William Pesak that the US and China are becoming the big-2 in the world economy:

When we think about the world’s most important economies, the Group of Seven springs to mind. Anyone attending this week’s events in Singapore, where the International Monetary Fund held its annual meeting, could be excused for thinking the world has been whittled down to just two economies.

“The most important global economic relationship is the United States and China, the G-2,” says Straszheim, vice chairman of Newport Beach, California-based Roth Capital Partners.

That wasn’t supposed to be the emphasis as representatives of 184 IMF members, nongovernment-organization staffers and a small army of journalists descended on Singapore. The planned focus was on spreading prosperity to those it has eluded and on giving more clout to developing nations, not just China.

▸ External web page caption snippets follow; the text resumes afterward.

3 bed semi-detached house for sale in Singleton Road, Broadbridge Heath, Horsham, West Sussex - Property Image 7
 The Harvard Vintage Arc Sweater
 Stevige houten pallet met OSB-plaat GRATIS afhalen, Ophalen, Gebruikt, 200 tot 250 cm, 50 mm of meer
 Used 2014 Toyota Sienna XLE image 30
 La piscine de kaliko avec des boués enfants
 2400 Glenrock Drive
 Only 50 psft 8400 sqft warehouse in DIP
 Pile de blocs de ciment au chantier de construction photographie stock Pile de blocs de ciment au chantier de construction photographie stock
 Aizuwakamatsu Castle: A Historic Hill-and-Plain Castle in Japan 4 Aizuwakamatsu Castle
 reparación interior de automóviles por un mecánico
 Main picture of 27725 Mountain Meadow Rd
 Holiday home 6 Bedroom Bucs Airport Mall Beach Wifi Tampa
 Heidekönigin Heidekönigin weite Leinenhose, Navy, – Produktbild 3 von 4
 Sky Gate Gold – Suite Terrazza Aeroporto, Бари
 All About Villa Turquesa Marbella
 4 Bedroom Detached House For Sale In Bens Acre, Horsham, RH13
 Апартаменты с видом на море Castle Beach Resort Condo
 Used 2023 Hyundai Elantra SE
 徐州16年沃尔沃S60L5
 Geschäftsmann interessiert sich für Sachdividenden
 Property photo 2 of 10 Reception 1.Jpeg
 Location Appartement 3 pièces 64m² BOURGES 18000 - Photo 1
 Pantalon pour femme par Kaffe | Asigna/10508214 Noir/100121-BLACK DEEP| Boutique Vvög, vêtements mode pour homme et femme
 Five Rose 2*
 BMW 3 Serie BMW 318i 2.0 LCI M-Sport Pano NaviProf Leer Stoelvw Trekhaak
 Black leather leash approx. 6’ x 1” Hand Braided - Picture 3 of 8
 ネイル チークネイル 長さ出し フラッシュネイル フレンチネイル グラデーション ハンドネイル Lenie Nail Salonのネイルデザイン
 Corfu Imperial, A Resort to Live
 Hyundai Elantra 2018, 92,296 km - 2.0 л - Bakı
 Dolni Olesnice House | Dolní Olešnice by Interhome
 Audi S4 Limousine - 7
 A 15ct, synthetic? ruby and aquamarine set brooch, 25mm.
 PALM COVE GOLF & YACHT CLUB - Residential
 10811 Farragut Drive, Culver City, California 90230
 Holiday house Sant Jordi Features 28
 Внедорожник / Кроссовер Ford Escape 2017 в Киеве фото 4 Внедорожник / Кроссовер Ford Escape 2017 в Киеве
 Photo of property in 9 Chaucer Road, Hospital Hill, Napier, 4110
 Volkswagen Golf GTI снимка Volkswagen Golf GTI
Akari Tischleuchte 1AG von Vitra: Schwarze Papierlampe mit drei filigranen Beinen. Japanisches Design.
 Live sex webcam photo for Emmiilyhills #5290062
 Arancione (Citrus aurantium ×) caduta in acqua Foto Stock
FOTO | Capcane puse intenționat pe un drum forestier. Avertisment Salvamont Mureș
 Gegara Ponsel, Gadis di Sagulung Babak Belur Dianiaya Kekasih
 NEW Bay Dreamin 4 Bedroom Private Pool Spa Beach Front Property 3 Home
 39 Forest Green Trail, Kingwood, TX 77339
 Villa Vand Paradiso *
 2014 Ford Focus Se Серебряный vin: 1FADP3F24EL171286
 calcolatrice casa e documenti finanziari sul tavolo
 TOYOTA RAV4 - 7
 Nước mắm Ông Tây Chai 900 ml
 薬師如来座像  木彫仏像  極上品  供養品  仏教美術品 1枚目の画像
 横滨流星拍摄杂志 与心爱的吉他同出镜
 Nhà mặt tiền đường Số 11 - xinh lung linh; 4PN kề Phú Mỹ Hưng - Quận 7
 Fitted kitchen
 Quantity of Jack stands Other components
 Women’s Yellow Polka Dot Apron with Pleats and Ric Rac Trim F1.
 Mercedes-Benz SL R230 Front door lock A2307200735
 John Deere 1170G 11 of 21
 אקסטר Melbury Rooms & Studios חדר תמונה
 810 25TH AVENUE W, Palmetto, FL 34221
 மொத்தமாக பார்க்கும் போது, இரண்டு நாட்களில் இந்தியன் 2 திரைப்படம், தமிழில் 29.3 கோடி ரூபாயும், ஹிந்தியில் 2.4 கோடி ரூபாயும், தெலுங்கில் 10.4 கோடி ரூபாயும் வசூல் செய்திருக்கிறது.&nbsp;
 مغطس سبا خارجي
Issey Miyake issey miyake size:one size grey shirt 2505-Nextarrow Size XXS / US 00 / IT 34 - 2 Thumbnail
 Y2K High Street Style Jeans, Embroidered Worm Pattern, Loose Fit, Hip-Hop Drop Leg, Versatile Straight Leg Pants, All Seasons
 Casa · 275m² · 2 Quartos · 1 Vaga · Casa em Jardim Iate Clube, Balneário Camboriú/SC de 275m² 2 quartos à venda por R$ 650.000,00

Instead, it was all China, China, China. When all eyes weren’t on the world’s most-populous nation, the collective attention of IMF-meeting attendees seemed to be on how China and the U.S. together are becoming the core of an increasingly interconnected global financial system.

Perhaps it’s not surprising that the U.S. and China were on center stage. The No. 1 and No. 4 financial powers have created an unofficial global economy; both rely on each other more than they would like to admit. China needs U.S. investment and for U.S. consumers to keep consuming; the U.S. needs China to hold down costs for everything from money to goods to services.